Beautiful! I love the white rubber tires and patina. It looks like someone found a "survivor" T and decided it would be fun to run it at TROG instead of going the full restoration route. The green leather seat is a striking touch...and it's entertaining to see straight pipes on a car this old. Very nicely done. Thanks for sharing!
Interesting take, I really like what you’ve done here it’s a nice Model T Soup Job that would fit right in during the time period. Yours follows many of the “gow jobs” and “soup jobs” that I’ve studied, so you must have done some homework before starting.
The fun part about replicating this kind of cars is both discovering the needed knowledge and new building techniques by doing the research to find exactly how they were doing things.

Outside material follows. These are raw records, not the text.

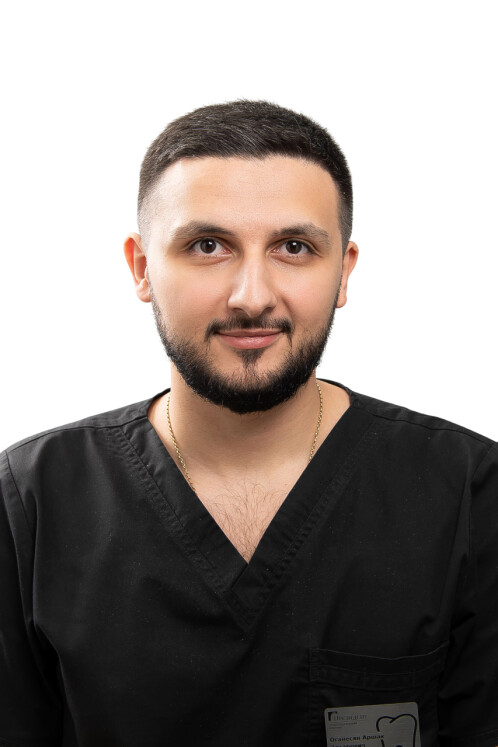 Врач Оганесян Аршак Эдгарович 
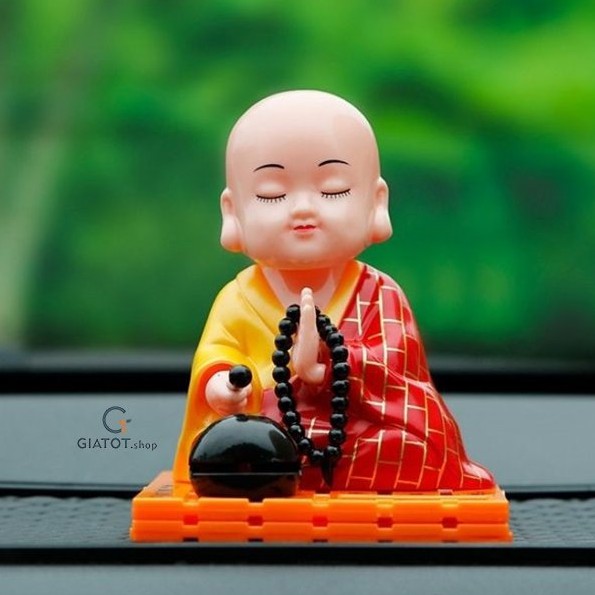 Tượng phật chú tiểu gõ mõ tụng kinh dùng pin nlmt áo cà sa đỏ to và nhỏ new,hàng chuẩn Phuzinshop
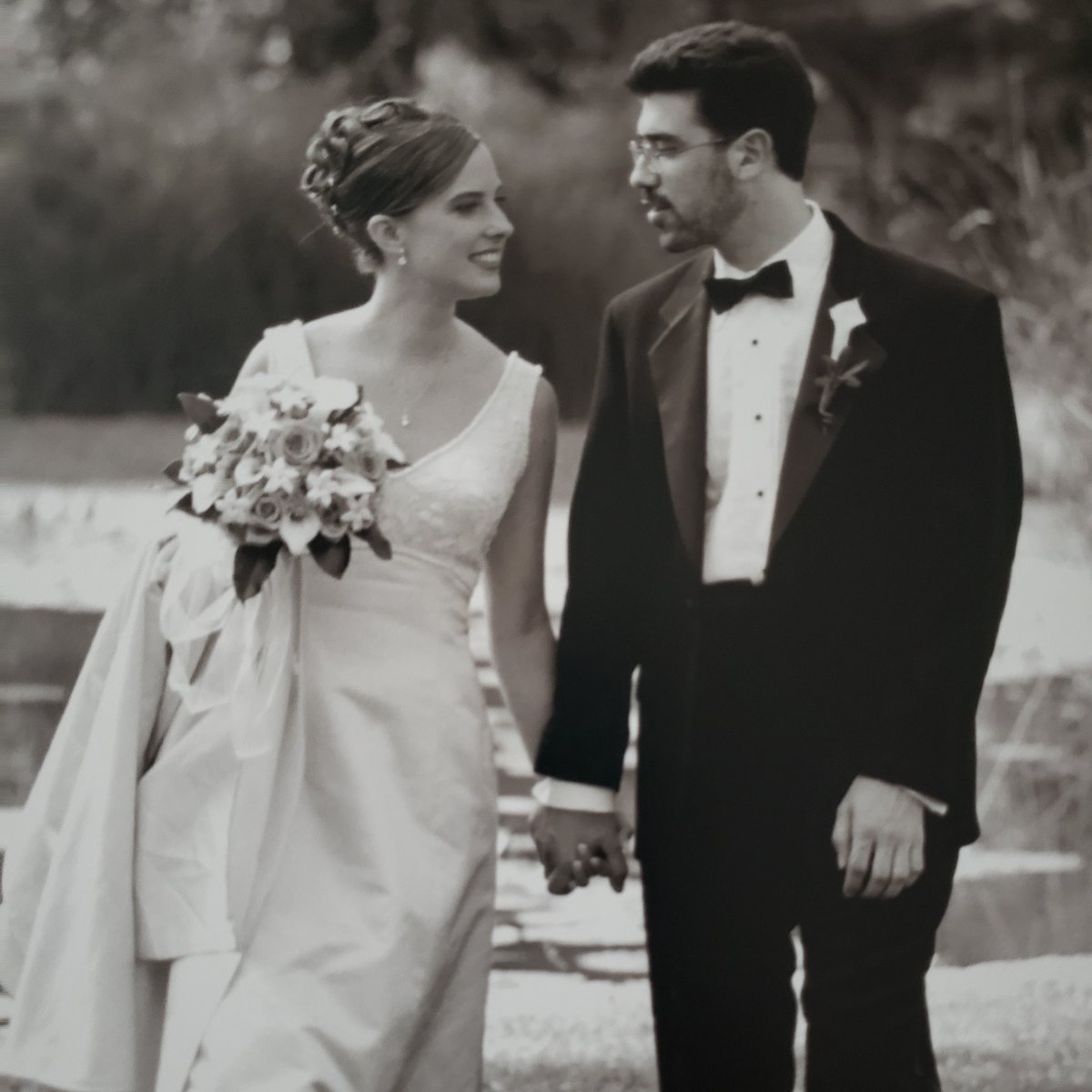 Julie Schwarz tweet media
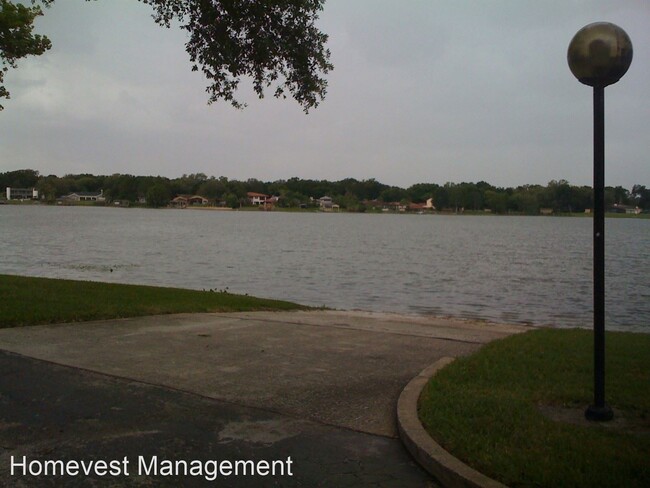 Building Photo - 2 br, 2 bath House - 1110 Lake Willisara Cir.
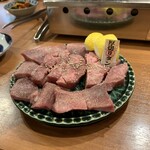 焼肉ホルモン大衆酒場 真 肉焼屋 - 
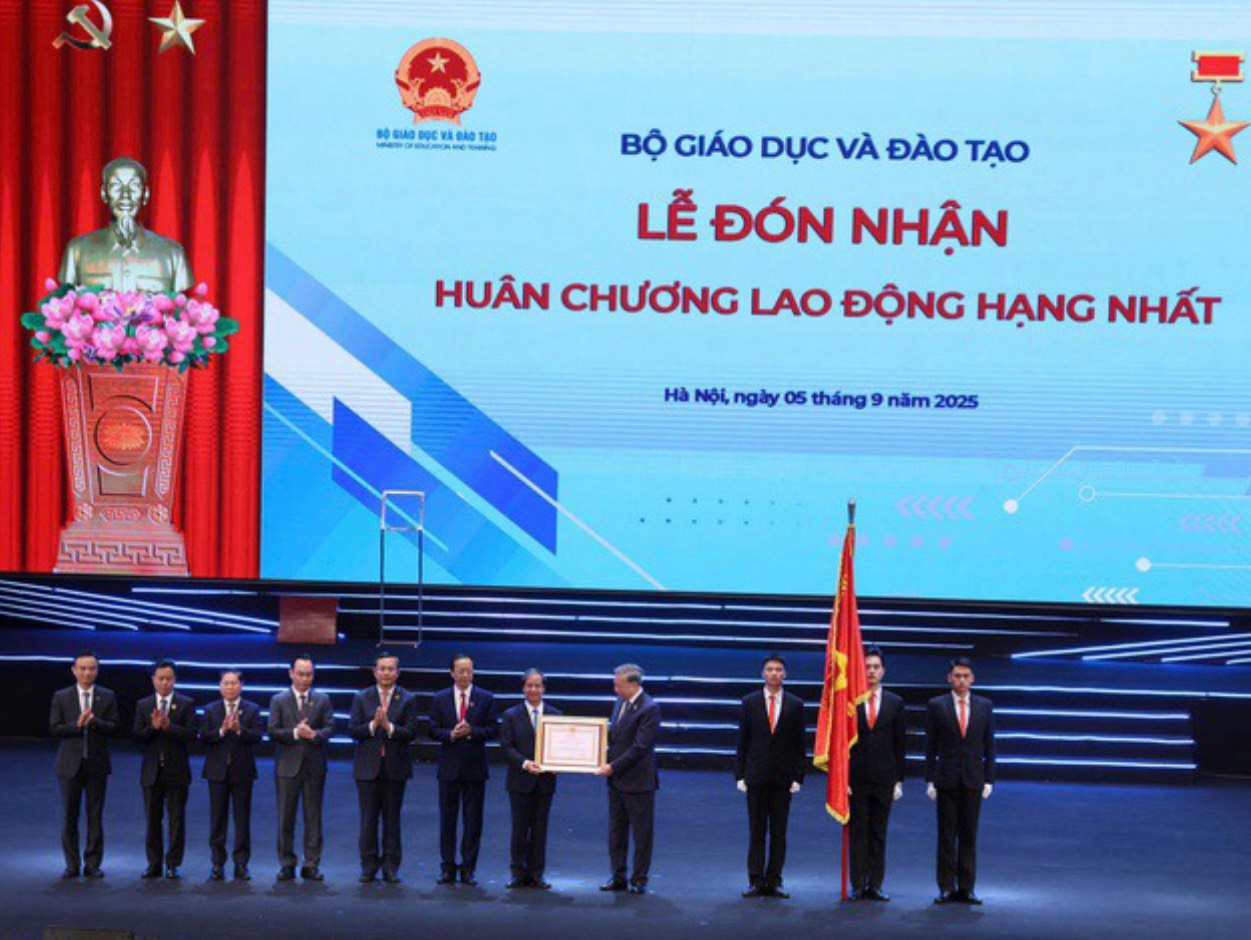 KHAI GIẢNG NĂM HỌC 2025–2026 GẮN VỚI KỶ NIỆM 80 NĂM TRUYỀN THỐNG NGÀNH GIÁO DỤC: TỰ HÀO, TRÁCH NHIỆM VÀ KHÁT VỌNG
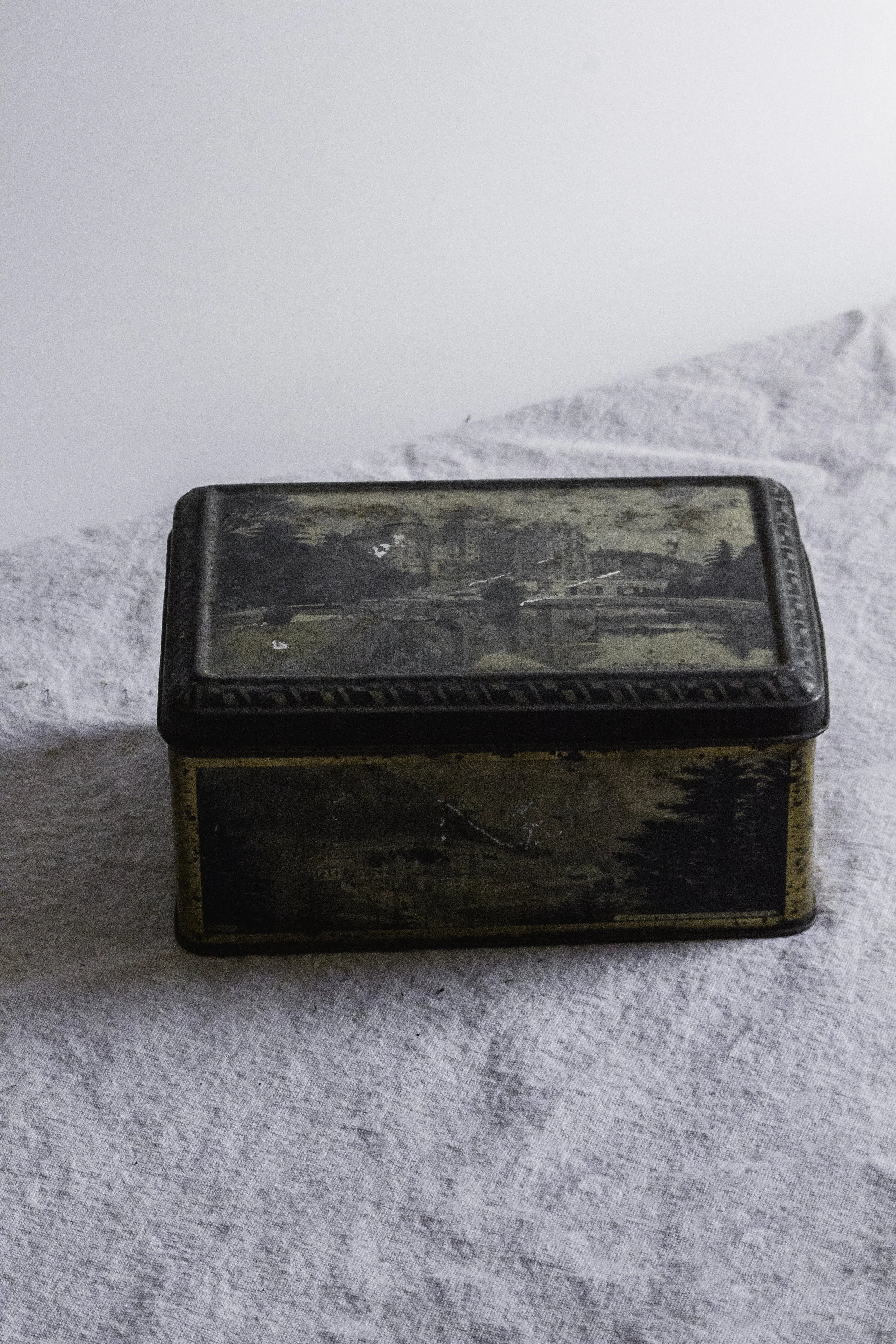 tin box 2.jpg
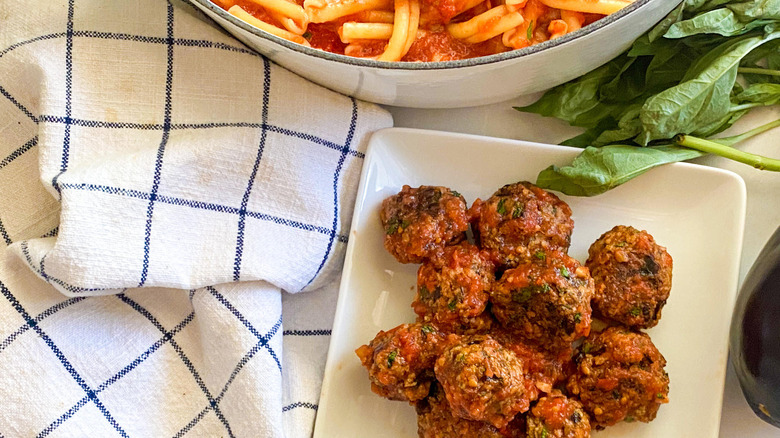 Vegan meatballs on a plate 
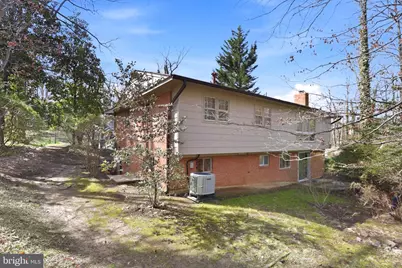 7220 Brookcrest Place, Annandale, VA 22003 - Photo 23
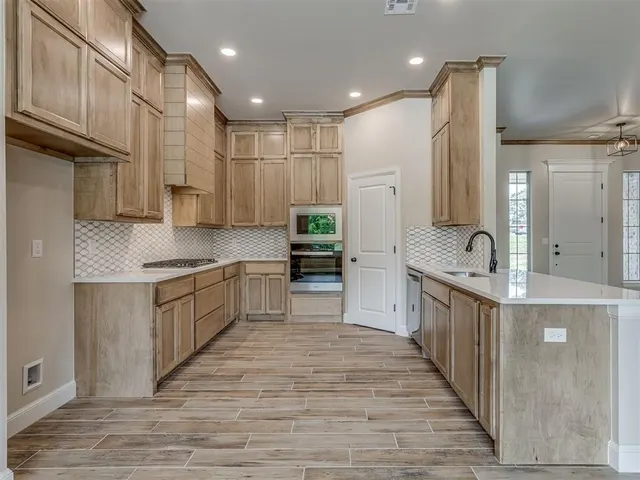 Photo 8 — 10200 Gentry Crossing, Oklahoma City, OK 73169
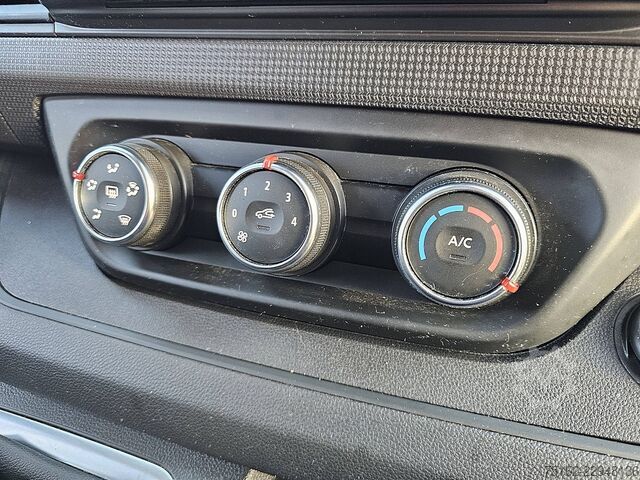 Augsta jumta universālis RENAULT TRAFIC 2.0 DCI L2H1 Camera 136pk!!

Like Z-ing and gas welding frames on cars that exist today and still hold together today, not too bad for some backyard mechanics. Guys who would later be called “Hot Rodders”, ( A term used with much derision, Hot Rodders as far back as the late thirties was never a complimentary term, when it referred to almost any “street racer” modified car or not. Kinda like Ricers, or “”Boy Racer” is pretty unflattering today.)
The front ends on most Speedsters and souped up model T’s were lowered either with a home made or “store bought” drop bracket, which in most cases were a piece of flat iron 3/8” to 1/2” thick X 2-1/2 to 3” wide, heated and twisted so it had a flat side down to mount the axle spring then bent to follow the frame horns from tip to end 12 - 18” then bolted to the sides of the frame. At the spring, there could either be two u-bolts which went over the drop bracket, spring then a plate at the bottom which would be tightened together by the nuts at the bottom. Another common variation to this theme would be to weld a flat bracket the same size as the bottom plate then use bolts versus u-bolts to hold everything together. Either type bracket can be replicated using brass strips epoxied to the frame and spring.
Look up Model T Speedsters, they were the guys who developed many of the early frame and axle modifications that the next generation of guys souping up the same Model T’s of all vintages. The other thing that many of the guys souping up the Model T’s did was first get rid of the fragile (when power is added to the mix) wood spoke wheels and find a set of 21” wire wheels from the ‘26 - ‘27 T’s, better yet the 18” wire wheels off of the ‘30 - ‘32 Chrysler (which had the same bolt pattern as the Model T did. So with the combination of Z-‘d Frame, drop brackets for six inches and 3 more inches with the Chrysler wires and you’ve lowered the car by 8 almost 9 inches when the springs settled in, now you’ve got a Gow Job!
Another interesting tidbit that I just came across a couple of weeks ago was that Ford shipped the Model T’s with the fenders wrapped up in oiled kraft paper stored inside the car. I found pictures a couple months earlier of a bunch of mid-twenties Model T’s being delivered to the dealer in Aberdeen Washington, they hooked them together with brackets and towed them from the freight depot to the dealer with a Fordson tractor, like 8 or 10 at a time. I did some inquiring around and found this was a common practice. Probably because the Ford dealer also sold the Fordson tractors too. Like I said, almost half the fun in building these old “Soup Jobs” and even Speedsters is the things you learn doing the research!
Really nicely done! These TROG inspired models make me want to go and see one of these events because they look like fun. You did an excellent job with this Model T. Especially the patina is very well done. As Chris said earlier, it looks like an old survivor that was just hopped up for the racing purposes. Nice work!
Excellent! Love the weathering, big white tires and the green leather. I can picture this blasting down the Jersey shore for sure, the driver sporting a leather helmet and goggles. And I use the term "blasting" loosely, LOL!